A core part of the project I'm working on involves the main process sending messages to the renderer, which then get logged and shown in the UI. The sending of messages between the main and renderer processes is something I seem to understand, but I'm encountering issues regarding React's useEffect cleanup where I unregister the previously registered IPC events to avoid memory leaks. As a result, when multiple messages are sent to the window's webContents in quick succession, and then React state is mutated, the useEffect cleanup runs which unregisters the listeners and results in most of the messages not having a callback associated and are simply lost to the void.
I understand why this is happening, my useEffect is mutating state which causes it to cleanup and unregister the listeners before re-rendering again, I just don't understand any other way to do this. I suppose the bigger question overall is how can I ensure messages sent from the main process will actually be handled if the very place I register them (useEffect) is responsible for un-registering them any time there is a state change/re-render? I'm unsure if I'm missing an obvious piece to this, but I can't think of another way to reliably send messages from main to renderer with this setup.

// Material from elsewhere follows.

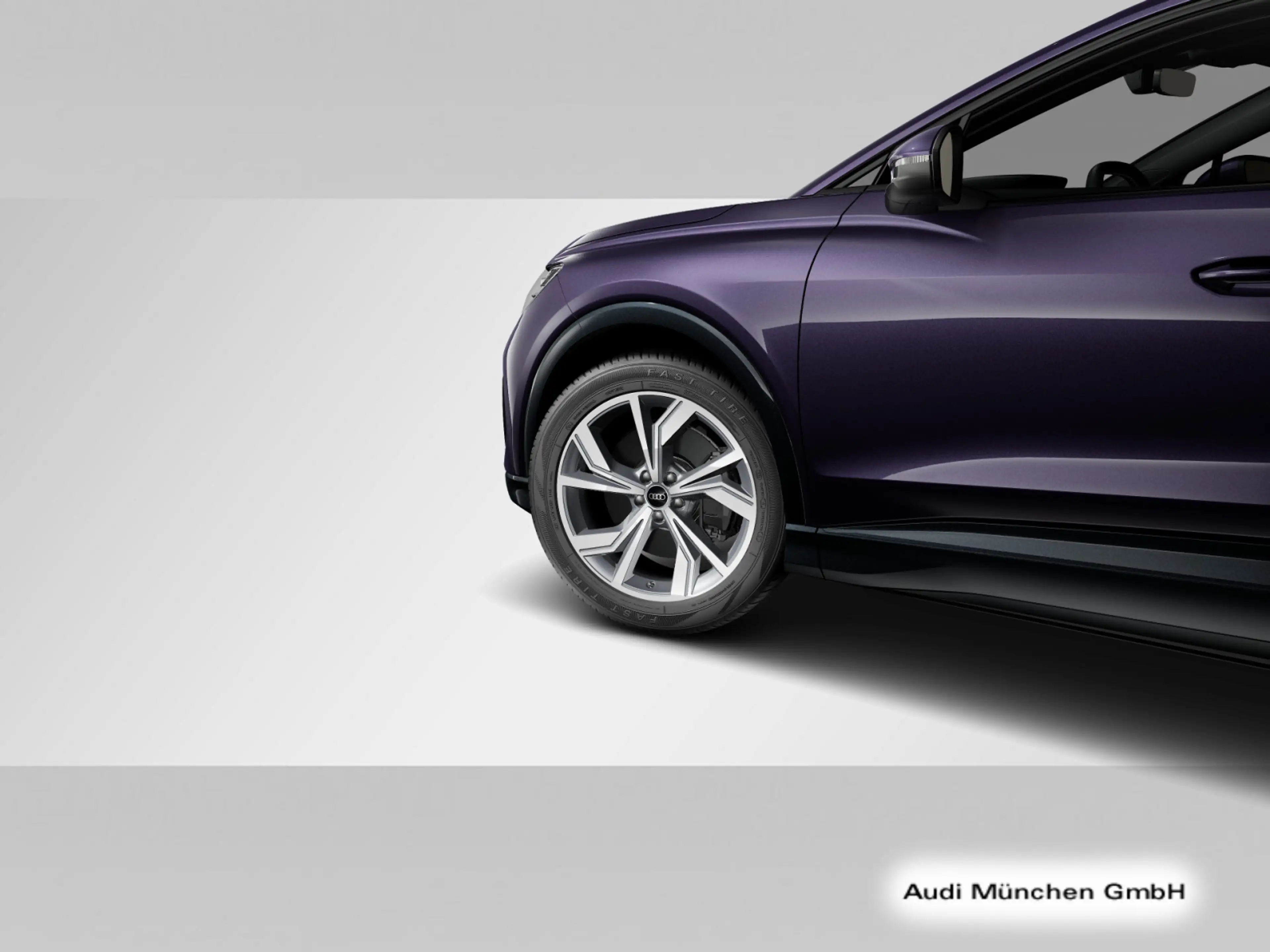 Audi Q4 e-tron 40 S line AHK/HuD/Matrix/Vir — photo 7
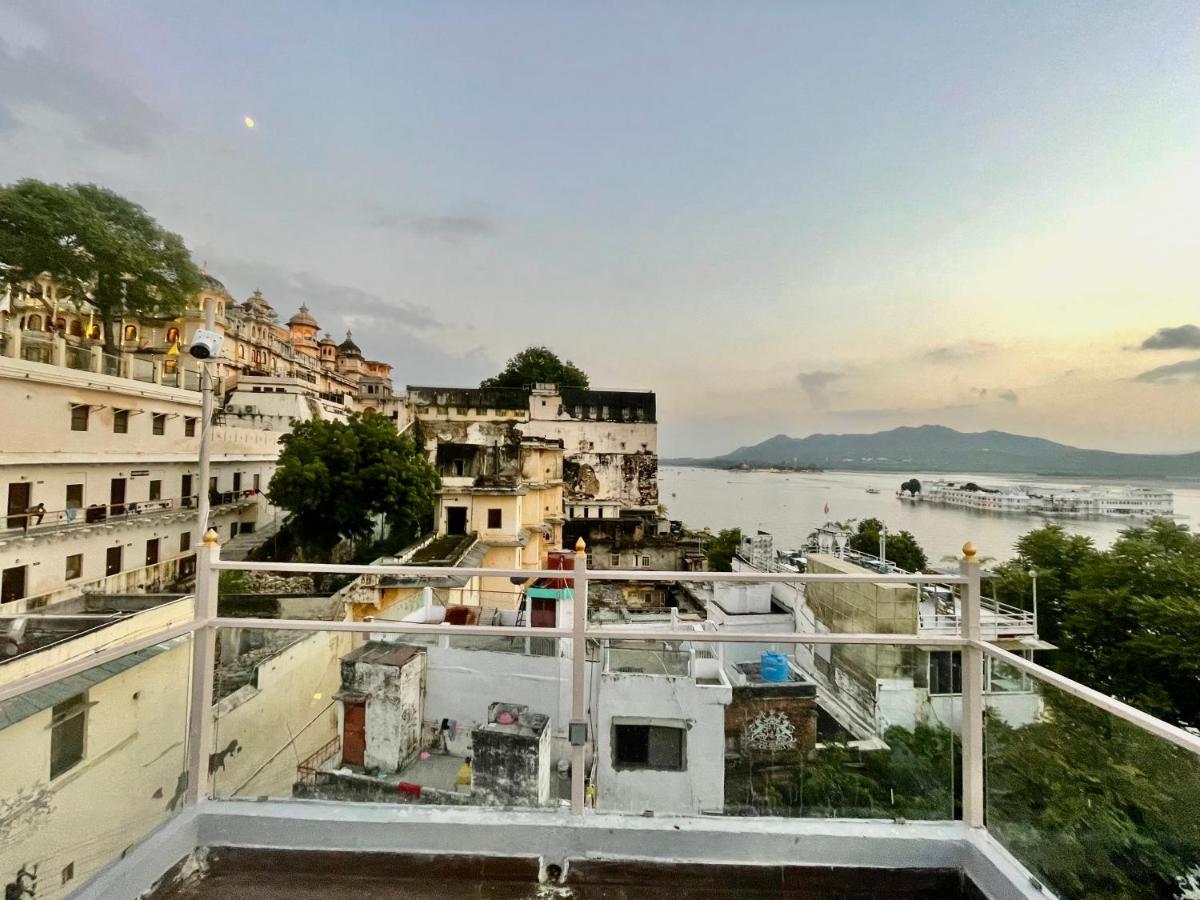 Shahpura Oladar Boutique Hotell Udaipur Eksteriør bilde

I've taken a look at as many resources, blog posts, docs, and example projects as I could find and they all seem to do the same thing: setup the listener in the useEffect and then remove it in the cleanup. This works fine for main -> renderer messages that aren't sent at a high rate, but in my use case the rate at which messages (logs) get sent is both high and not really predictable, as it's caused by any number of external events.
I may very well just not understand what the appropriate React/state management architecture for this is, as it seems like the use of a single useEffect to manage the IPC listeners and mutate the state is a pretty clear conflict, but I'm not sure what an alternative structure would be.
Any advice on this would be much appreciated!